Le Sénégal a souhaité mener une politique ambitieuse en matière de protection sociale en santé. Quel a été votre rôle, notamment dans la mise en place de la couverture maladie universelle (CMU) ? 

Depuis 2012 le nouveau gouvernement a fait le choix d’une politique de protection sociale très ambitieuse, en instaurant notamment les « bourses de sécurité familiale » [2] ou encore la carte « Égalité de chances » pour la prise en charge sanitaire des personnes handicapés. Mais la mesure phare a bien évidemment été l’adoption de la couverture maladie universelle (CMU).

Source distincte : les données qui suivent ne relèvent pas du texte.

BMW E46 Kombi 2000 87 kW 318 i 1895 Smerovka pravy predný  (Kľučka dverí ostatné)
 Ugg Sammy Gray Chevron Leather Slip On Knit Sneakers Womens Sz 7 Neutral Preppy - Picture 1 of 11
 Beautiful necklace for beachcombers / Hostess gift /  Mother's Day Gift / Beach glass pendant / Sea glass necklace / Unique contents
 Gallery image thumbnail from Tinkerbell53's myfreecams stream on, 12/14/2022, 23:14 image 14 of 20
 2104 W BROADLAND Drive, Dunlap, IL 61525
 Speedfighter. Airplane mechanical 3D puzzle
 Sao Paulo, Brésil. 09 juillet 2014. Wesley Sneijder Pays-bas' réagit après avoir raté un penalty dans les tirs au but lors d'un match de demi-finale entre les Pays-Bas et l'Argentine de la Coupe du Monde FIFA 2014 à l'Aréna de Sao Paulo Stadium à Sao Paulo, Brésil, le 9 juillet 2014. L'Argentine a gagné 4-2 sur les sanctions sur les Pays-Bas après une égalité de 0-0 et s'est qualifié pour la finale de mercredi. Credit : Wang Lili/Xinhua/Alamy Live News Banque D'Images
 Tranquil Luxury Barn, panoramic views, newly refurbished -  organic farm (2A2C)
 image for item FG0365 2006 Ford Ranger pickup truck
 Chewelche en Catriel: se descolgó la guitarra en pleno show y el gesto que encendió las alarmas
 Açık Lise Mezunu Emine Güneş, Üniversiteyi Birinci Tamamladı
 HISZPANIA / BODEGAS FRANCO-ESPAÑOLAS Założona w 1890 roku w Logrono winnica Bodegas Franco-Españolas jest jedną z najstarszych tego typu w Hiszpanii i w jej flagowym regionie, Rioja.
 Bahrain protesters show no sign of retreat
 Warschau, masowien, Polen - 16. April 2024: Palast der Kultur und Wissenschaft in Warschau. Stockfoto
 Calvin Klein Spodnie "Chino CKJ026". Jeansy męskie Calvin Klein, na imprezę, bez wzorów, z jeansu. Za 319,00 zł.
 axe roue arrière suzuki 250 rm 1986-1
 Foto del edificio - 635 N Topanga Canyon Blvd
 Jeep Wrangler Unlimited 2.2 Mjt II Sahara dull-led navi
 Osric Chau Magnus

Notre priorité a donc été de lancer un plaidoyer afin de pérenniser la CMU et de la rendre irréversible, quelques soient les nouvelles priorités gouvernementales. Quatre grands objectifs ont été définis : la vulgarisation de la CMU afin que les plus démunis se l’approprient, l’adoption d’une loi afin de pérenniser cette mesure au Sénégal, la prise en charge cohérente et intégrée de la mère et de l’enfant sur le plan sanitaire et nutritionnel et enfin le financement adéquat de la CMU et de la santé. Pour en savoir plus.

La couverture maladie universelle – Le 20 septembre 2013, Macky Sall, président du Sénégal, a lancé officiellement la couverture maladie universelle (CMU), l’une de ses promesses de campagne. La CMU a pour objectif de garantir une couverture maladie à au moins 75 % de la population d’ici 2017. La mise en œuvre de la CMU repose principalement sur les mutuelles de santé communautaire et vise à atteindre les populations les plus éloignés des services de santé, à savoir le secteur informel et les habitants des zones rurales.

Quels progrès avez-vous constaté grâce à l’action de CICODEV ?

Une agence, créée par l’Etat, a mené de grandes campagnes de communication pour vulgariser la CMU et promouvoir l’émergence et la consolidation de mutuelles de santé. Un projet de texte de loi a été élaboré et attend d’être présenté à l’Assemblée nationale et le budget du ministère de la Santé pour 2016 a connu une hausse de 11,54 % par rapport à 2015, même si le Sénégal est encore loin de l’engagement d’Abuja [3] d’allouer 15 % de son budget à la santé. Enfin le gouvernement a lancé un processus de réflexion pour la mise en place d‘une stratégie de financement pérenne et d’une prise en charge cohérente et harmonisée de la santé pour la mère et l’enfant.

Quel est l’intérêt pour vous de travailler en partenariat avec Oxfam France ?

Le Sénégal, comme la majeure partie des pays africains, dépend encore en grande partie de l’aide publique au développement (APD) pour financer et construire des systèmes de santé forts et résilients et donc de pays partenaires comme la France. Malheureusement, alors que l’aide mondiale consacrée à la santé est en hausse, l’aide française pour la santé, elle, est en baisse. Ensemble avec Oxfam, nous pouvons pousser la France à mieux aider ses partenaires sur le financement de la santé en privilégiant, dans sa politique d’aide au développement, l’accompagnement des pays en développement, dont le Sénégal, dans la mobilisation des ressources domestiques pour financer les services sociaux comme la santé.